[Web page caption snippets]

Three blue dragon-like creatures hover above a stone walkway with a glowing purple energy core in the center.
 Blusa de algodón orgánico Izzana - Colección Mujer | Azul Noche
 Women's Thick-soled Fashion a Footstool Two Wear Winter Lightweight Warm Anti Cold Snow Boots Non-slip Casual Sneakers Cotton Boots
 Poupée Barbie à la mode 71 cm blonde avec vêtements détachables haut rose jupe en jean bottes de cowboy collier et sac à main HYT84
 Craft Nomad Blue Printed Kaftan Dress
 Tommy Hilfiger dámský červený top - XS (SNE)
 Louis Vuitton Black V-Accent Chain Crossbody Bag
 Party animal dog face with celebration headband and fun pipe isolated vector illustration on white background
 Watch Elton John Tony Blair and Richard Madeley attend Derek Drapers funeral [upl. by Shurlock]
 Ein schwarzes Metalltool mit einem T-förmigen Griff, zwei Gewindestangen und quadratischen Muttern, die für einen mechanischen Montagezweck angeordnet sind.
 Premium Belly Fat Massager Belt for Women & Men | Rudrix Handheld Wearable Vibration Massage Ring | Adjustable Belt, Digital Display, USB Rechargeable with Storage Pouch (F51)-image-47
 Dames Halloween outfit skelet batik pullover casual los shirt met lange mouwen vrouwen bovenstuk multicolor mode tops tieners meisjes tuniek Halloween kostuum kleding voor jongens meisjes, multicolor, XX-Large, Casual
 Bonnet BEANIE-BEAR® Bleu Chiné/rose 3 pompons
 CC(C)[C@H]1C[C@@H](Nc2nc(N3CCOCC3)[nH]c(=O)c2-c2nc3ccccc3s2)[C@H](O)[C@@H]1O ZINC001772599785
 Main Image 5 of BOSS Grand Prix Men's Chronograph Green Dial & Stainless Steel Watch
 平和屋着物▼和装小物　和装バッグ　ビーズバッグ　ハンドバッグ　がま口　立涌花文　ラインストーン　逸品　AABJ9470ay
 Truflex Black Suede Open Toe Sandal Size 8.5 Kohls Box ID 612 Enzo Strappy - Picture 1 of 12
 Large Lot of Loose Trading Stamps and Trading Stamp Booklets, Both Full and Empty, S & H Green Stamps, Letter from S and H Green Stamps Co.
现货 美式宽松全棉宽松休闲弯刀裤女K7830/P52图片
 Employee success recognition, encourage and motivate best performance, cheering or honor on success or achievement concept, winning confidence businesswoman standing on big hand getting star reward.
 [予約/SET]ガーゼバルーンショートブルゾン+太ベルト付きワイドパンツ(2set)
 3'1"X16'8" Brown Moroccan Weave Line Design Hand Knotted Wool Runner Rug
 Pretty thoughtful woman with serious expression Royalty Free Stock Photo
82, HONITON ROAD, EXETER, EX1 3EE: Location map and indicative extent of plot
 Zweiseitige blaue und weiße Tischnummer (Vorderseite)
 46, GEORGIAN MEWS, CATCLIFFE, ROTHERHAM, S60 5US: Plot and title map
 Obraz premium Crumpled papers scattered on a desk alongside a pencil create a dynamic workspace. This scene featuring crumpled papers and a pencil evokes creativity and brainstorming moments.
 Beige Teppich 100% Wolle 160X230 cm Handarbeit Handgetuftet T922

• Your goal: Retrieve all lines from the data that contain the string "Casual".

• Response:
 Women's Thick-soled Fashion a Footstool Two Wear Winter Lightweight Warm Anti Cold Snow Boots Non-slip Casual Sneakers Cotton Boots
 Dames Halloween outfit skelet batik pullover casual los shirt met lange mouwen vrouwen bovenstuk multicolor mode tops tieners meisjes tuniek Halloween kostuum kleding voor jongens meisjes, multicolor, XX-Large, Casual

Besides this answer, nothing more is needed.